Copy each line in the data below that contains the word "Imagen".

## DATA PROVIDED
= = = = = = =
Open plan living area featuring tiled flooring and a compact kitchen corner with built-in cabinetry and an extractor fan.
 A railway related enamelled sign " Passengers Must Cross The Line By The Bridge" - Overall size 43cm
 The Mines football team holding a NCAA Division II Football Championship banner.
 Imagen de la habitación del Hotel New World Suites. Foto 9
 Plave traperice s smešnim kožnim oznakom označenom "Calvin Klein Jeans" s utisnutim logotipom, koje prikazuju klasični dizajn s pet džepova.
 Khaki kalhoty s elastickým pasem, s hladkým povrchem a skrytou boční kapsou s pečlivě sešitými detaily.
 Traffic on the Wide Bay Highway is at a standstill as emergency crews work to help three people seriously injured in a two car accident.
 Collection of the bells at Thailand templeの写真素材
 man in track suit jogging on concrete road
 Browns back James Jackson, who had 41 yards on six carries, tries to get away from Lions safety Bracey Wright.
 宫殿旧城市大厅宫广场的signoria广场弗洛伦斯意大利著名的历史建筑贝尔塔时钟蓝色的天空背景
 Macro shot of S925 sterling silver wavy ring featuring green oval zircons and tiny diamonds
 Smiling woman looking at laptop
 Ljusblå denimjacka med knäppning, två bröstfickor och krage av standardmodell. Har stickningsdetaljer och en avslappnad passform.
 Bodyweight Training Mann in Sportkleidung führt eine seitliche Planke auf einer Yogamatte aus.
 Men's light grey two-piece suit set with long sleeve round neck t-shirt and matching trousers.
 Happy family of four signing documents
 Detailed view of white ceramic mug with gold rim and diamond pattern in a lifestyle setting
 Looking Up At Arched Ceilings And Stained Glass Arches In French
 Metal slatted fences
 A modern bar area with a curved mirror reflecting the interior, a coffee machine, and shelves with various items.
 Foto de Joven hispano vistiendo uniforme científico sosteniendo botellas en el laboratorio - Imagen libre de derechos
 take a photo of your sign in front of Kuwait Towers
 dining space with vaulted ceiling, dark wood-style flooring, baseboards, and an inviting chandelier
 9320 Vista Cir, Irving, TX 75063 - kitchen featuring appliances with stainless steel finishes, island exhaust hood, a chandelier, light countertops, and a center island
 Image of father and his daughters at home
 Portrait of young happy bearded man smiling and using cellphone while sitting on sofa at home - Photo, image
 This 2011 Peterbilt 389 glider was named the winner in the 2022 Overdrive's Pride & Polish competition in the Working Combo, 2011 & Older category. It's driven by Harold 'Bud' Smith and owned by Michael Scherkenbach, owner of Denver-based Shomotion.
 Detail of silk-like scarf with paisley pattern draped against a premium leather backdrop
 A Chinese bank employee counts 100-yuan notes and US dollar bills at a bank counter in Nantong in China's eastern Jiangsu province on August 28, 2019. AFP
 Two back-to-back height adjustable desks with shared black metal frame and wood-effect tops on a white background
= = = = = = =
## EXPECTED OUTPUT
 Imagen de la habitación del Hotel New World Suites. Foto 9
 Foto de Joven hispano vistiendo uniforme científico sosteniendo botellas en el laboratorio - Imagen libre de derechos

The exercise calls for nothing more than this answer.